‘Canada’s Folly’ is important not because it’s accurate, but because this is increasingly how investors outside Canada view industry, government policy

Is the Canadian government’s purchase of West Coast pipeline assets from Kinder Morgan Canada “a substantial risk?” A new study argues Ottawa is likely to take a loss when it eventually sells the pipelines under “distressed conditions” and the Alberta oil sands are no longer viable. Is this how the world is coming to think of the Canadian oil and gas industry?

Thomas Sanzillo.

“Canada’s Folly” by Tom Sanzillo, former first deputy comptroller for New York State, and Kathy Hipple, a finance professor, for the Cleveland-based Institute for Energy Economics and Financial Analysis, is critical of the deal – calling it a “problematic investment” – and believes Canada will have to sell in a “distressed climate,” thereby losing money, possibly a good deal of it.

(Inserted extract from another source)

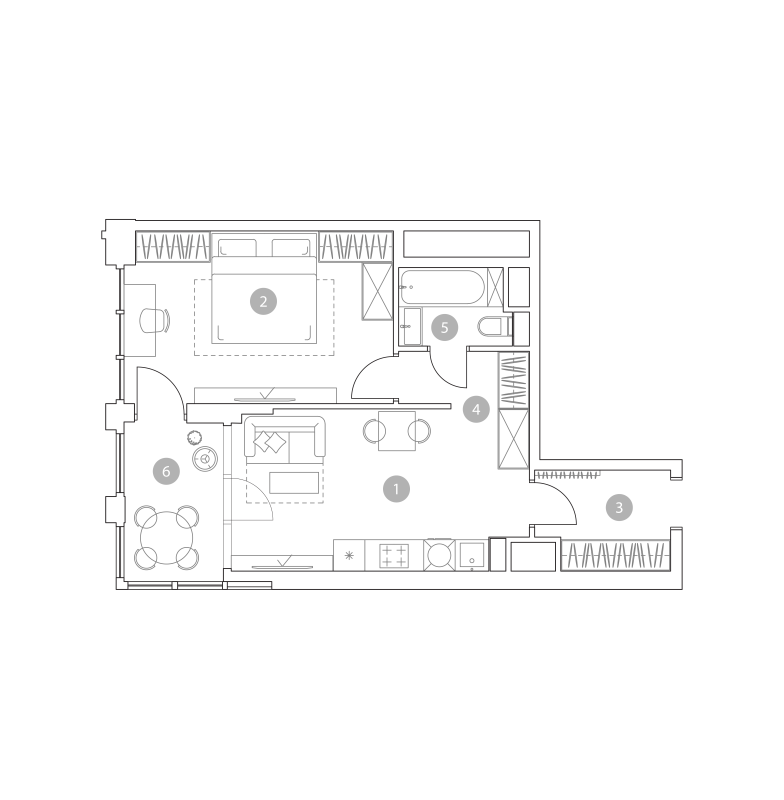 2 ккв (Евро) 47,2 м²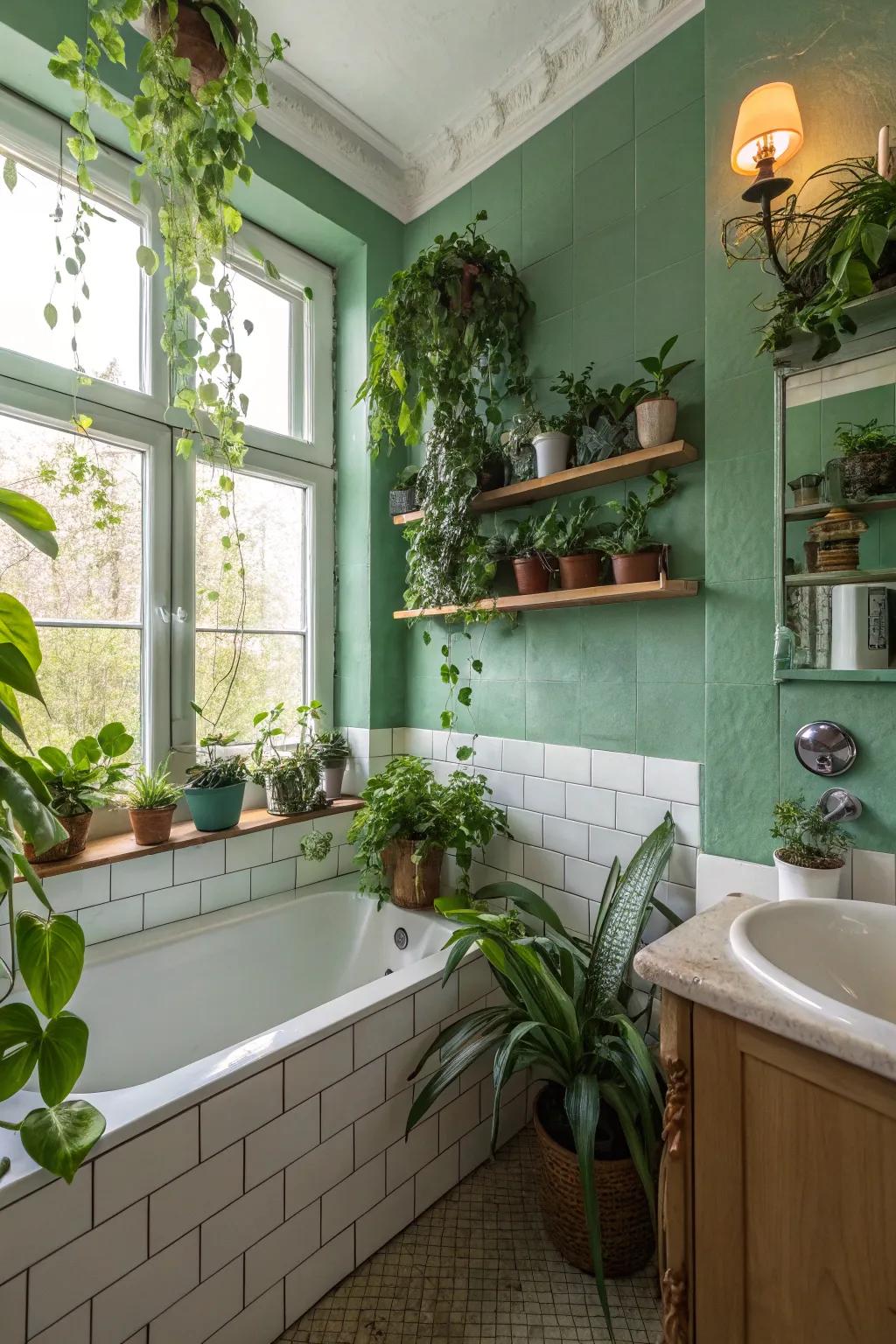 Nature-inspired greens provide a refreshing bathroom atmosphere.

Not everyone agrees. The federal department of finance was not amused and fired back with comments of its own. Prof. Jack Mintz agrees Canada may incur a loss of $1.5 billion on the purchase, but doesn’t foresee a catastrophe. And pipeline industry veteran Dennis McConagy thinks the IEFFA study is completely misguided and wrong (he’s not alone. Canadian economists and industry types were savaging the study on social media after its release).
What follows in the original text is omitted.